We have a dead tree in our backyard that is completely stripped of its bark, so basically it looks like a piece of vertical driftwood rising 40 feet in the air. To look at it, you’d think it had no purpose, but nothing could be further from the truth. Its stark beauty fascinates me, especially against a moonlit night sky.
We call it the crow tree because this is where our 30 to 40 crows gather every day for their breakfast and afternoon snacks. Over the years, their preening beaks and sharp claws have shaved away what little bark there was, so now all that’s left is white, smooth wood.
The curved branches are outstretched like welcoming arms and at least five crows can roost quite happily on each one. There are 10 floors in all, but near the top, the branches have only enough room for a single occupant. The Sentinel, as we call him, always sits at the very top, like a Christmas star. It’s his job to let the others know when John rounds the corner with his bucket of goodies. When the Sentinel starts squawking, you can watch the crows glide in from the four corners of their estate.
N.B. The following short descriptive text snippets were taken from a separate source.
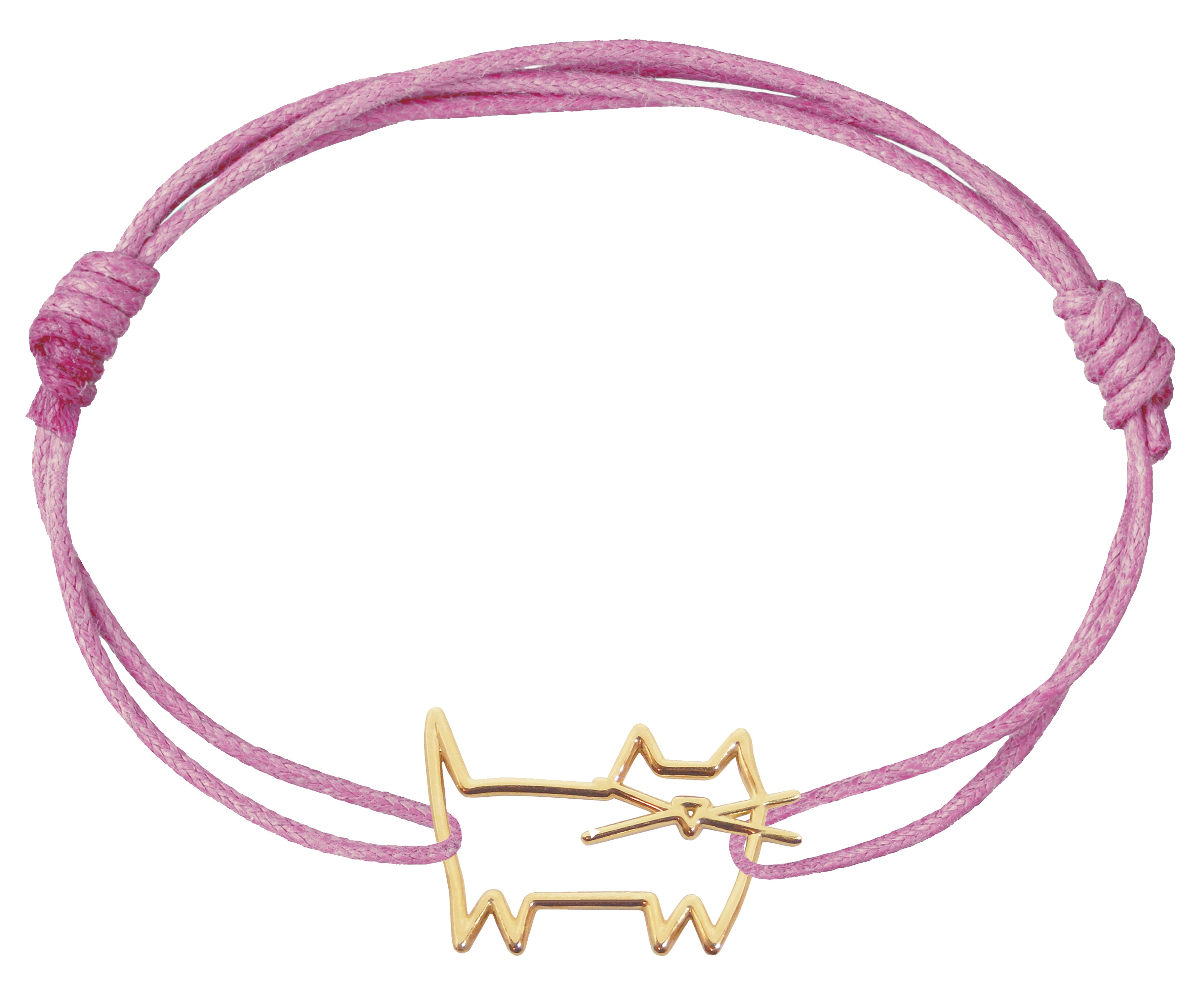 GATO CORD BRACELET
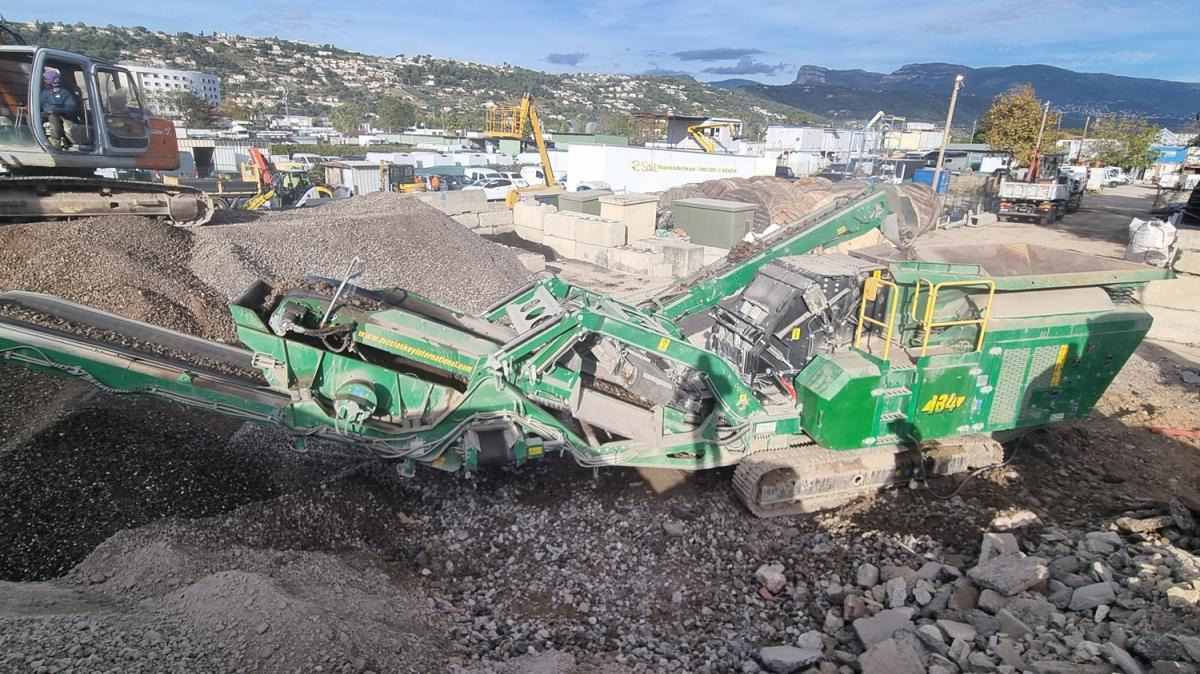 McCloskey I34R - Ударная дробилка: фото 2 McCloskey I34R - Ударная дробилка: фото 2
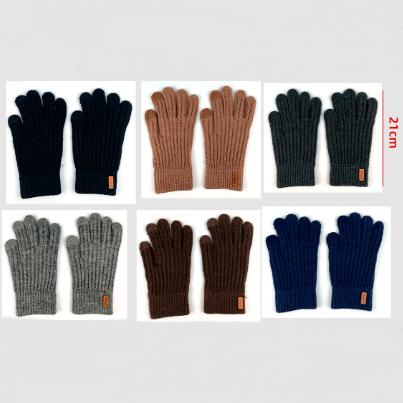 GUANTES DE MUJER TACTIL 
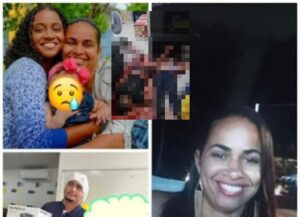 Mãe, filha e namorado são encontrados mortos dentro de casa; PC apura duplo feminicídio seguido de suicídio
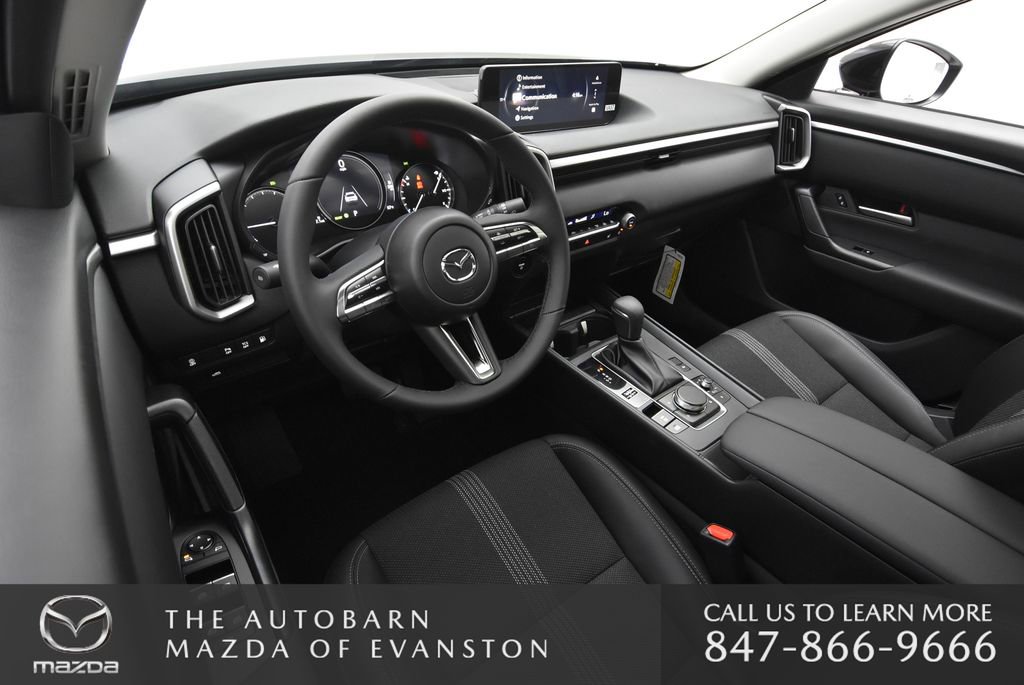 New 2026 MAZDA CX-50 2.5 Hybrid w/ Preferred Pkg image 29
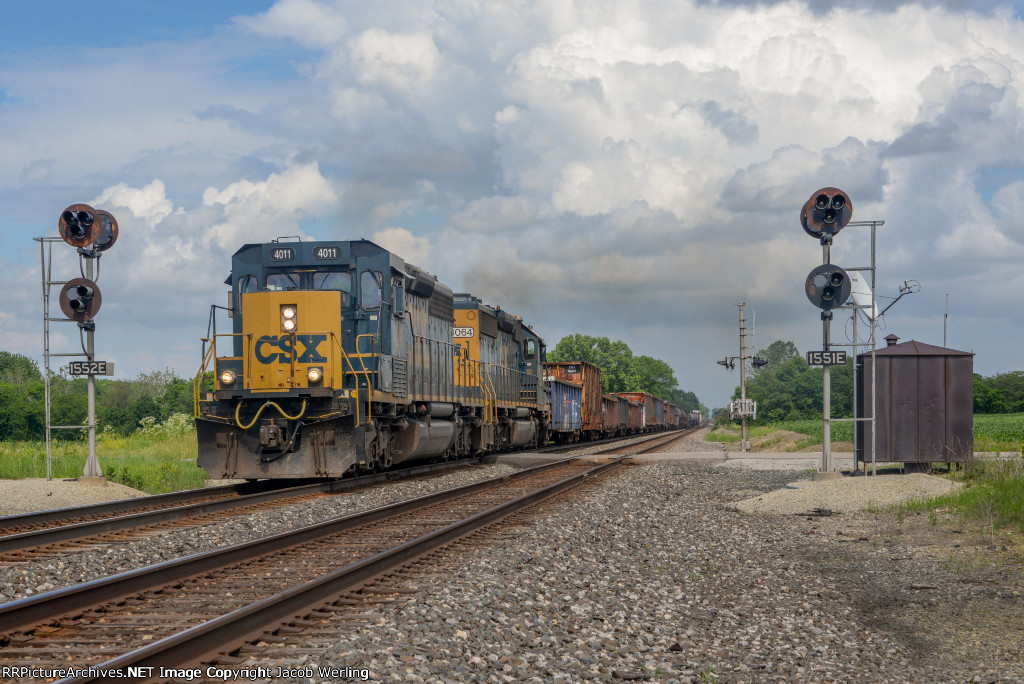 CSX 4011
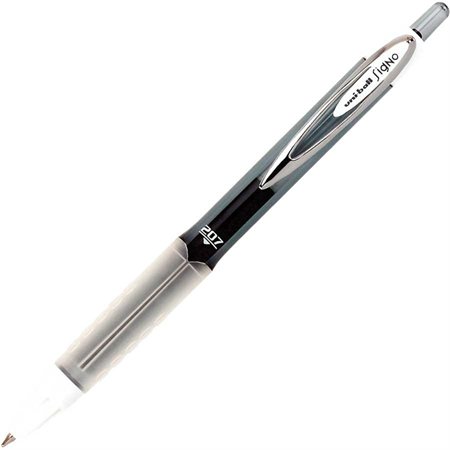 Signo 207 Colours Retractable Rollerball Pen black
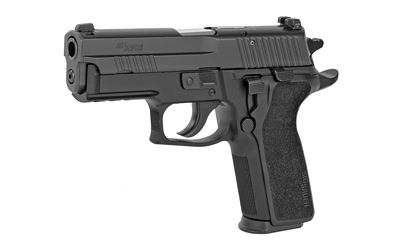 SIG P229 9MM 3.9″ 10RD BLK NS SRT CA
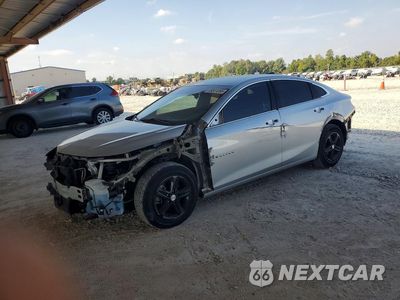 2022 CHEVROLET MALIBU LS 1G1ZC5ST7NF154883 - główne zdjęcie licytacji z USA - miniatura
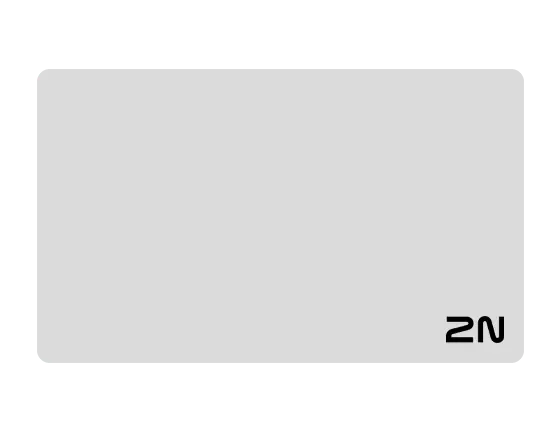 RFID card Mifare Desfire EV3 4K 13.56MHz, PICard compatible – 10pcs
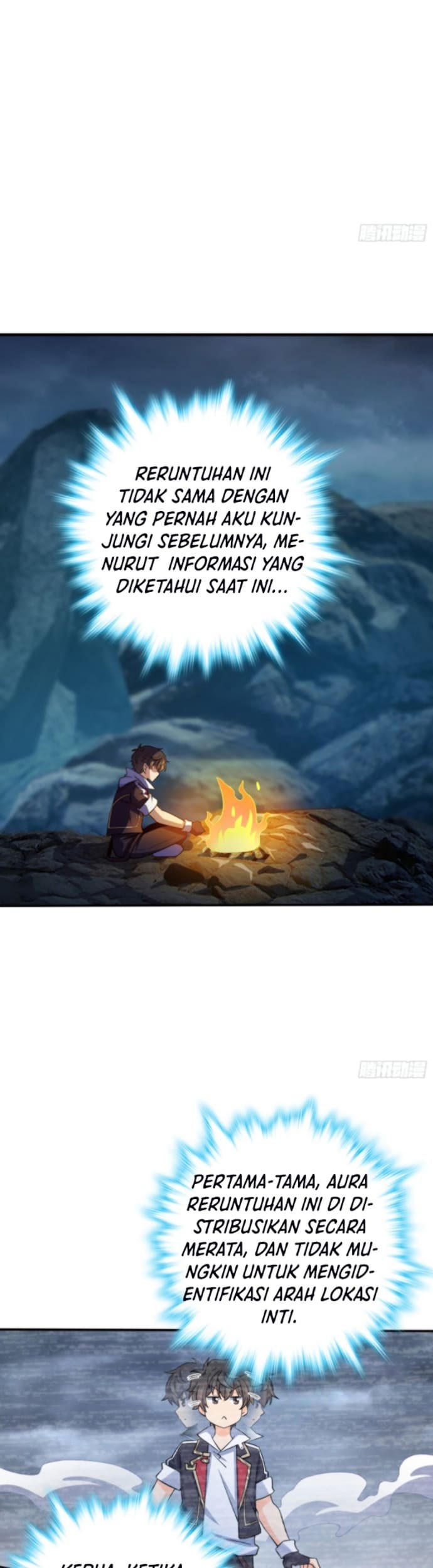 Spare Me, Great Lord! Chapter 162 Gambar 28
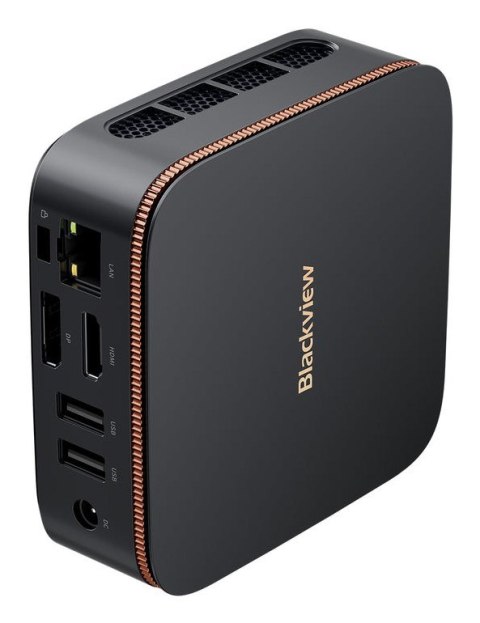 Mini PC Blackview MP20 Ryzen 3 3300U 8GB SSD256 W11Pro czarny Blackview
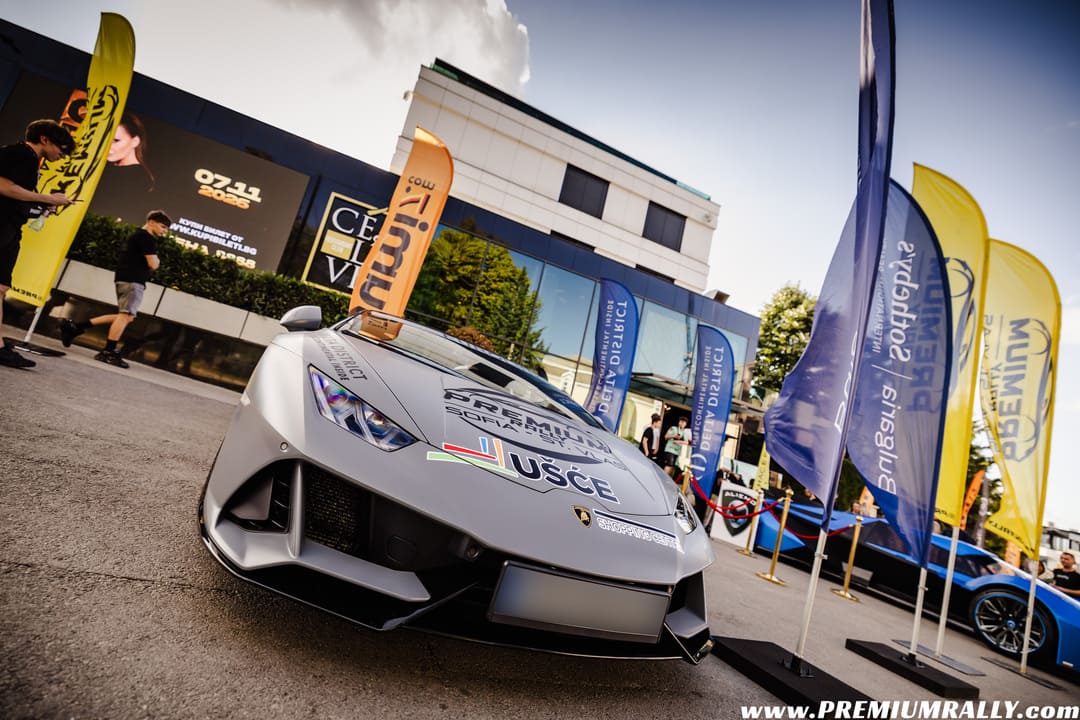 Premium Rally Sofia – St. Vlas 2026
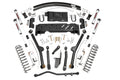 4.5 Inch Lift Kit Long Arm RR AAL NP231 V2 Jeep Cherokee XJ (84-01) Rough Country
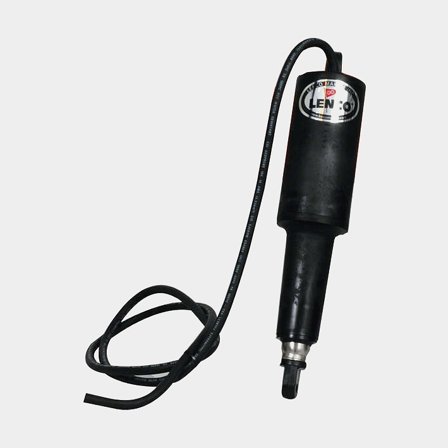 Trimvlakcylinder Lenco, 24 V, 1 x cilinder + kabel (1.8 meter)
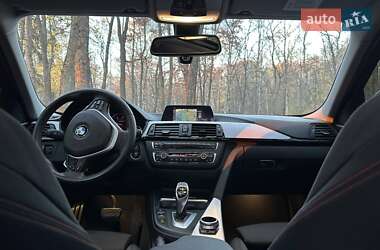 Универсал BMW 3 Series 2013 в 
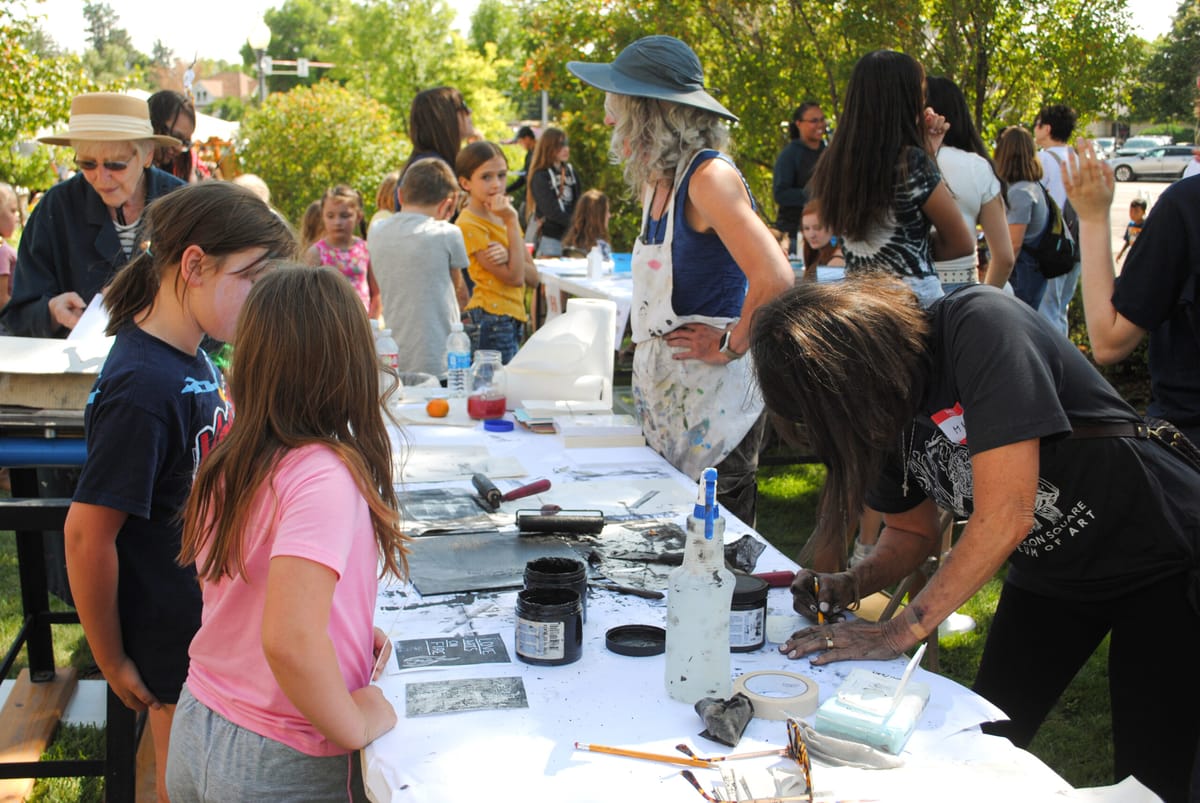 14th Annual Arts on Fire Festival Returns September 13th to The Square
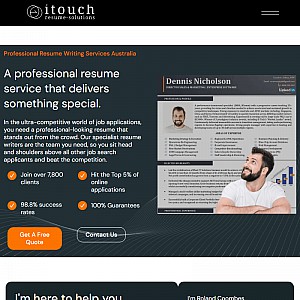 Resume Services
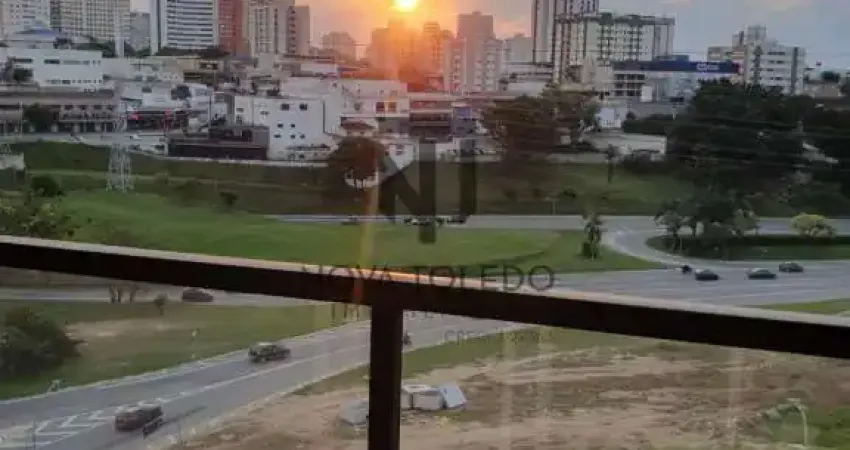Apartamento - Residencial Choice Vale - Jardim Oswaldo Cruz - 2 Dormitórios - 52m².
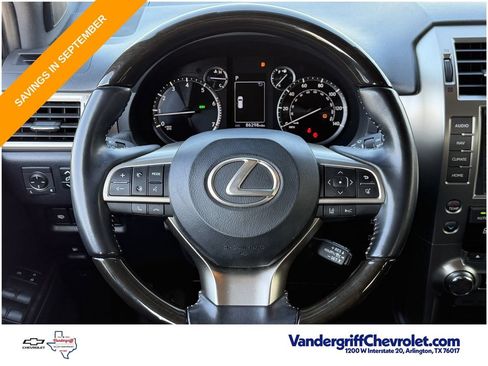 Used 2021 Lexus GX 460 Premium AWD/4WD image 11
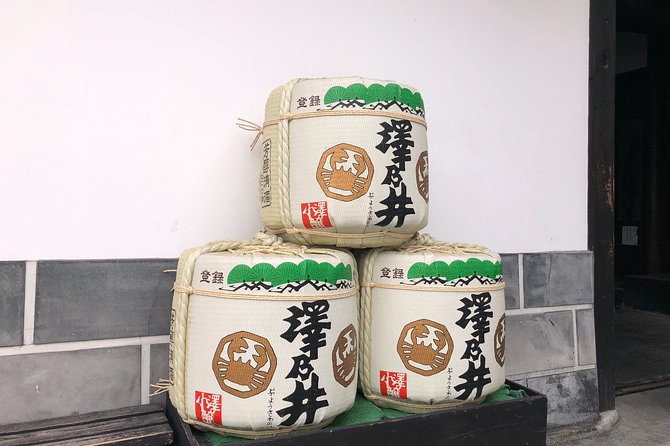 Private Tour: Tokyo's Oldest Sake Brewery and Riverside Walk - Why this sake-and-nature day feels like a smart Tokyo detour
It’s only after Hubby comes back into the house that the crows nestle into the tree branches and this is where their complicated ballet recital starts. The food is left on top of the cover of my dad’s old trailer, so it really does resemble an outdoor dining room table. One of the lower branches is only a few feet away from the feast. This is the most prized spot on the tree and I’ve noticed that only the big boys get to sit here. Or maybe it’s just my feverish imagination because, let’s face it, crows look alike, so who can say for sure?
Some sort of secret signal is then given and all of the crows descend on the trailer at once to peck away for about three seconds, before instantly rising into the tree branches again. What spooked them? Nothing I can see. They do this at least 60 times in the five minutes it takes to polish up all the grub. Flutter, rise. Flutter, fall. Those who can’t find space on the branches hover back down to the ground. Some rebellious types skip the yo-yoing performance and walk with a haughty attitude under the birdfeeders and peck away at the odd sunflower seed.
I honestly think if we ever got rid of this tree, we wouldn’t have this daily ritual. Maybe a few crows, but not this entire community, who have learned they can gather safely within these branches while they have their morning meal.
You’d think a dead thing would have no purpose, but our crow tree is a daily reminder that even when you think something is over, it doesn’t have to be. I’m positive that when this tree was young and beautiful, it never got nearly the number of visitors that it does now.
This gives me hope for some reason.
If we were to ever sell this property, I can guarantee the crow tree would be the first thing people would notice and shake their heads at. “Who wants an old dead tree in the backyard? Cut it down!”
Luckily, we have a loyal committee of squawky feathered neighbours who could show up in an instant and put on a very animated rendition of Alfred Hitchcock’s movie The Birds.
And that, as they say, would be that.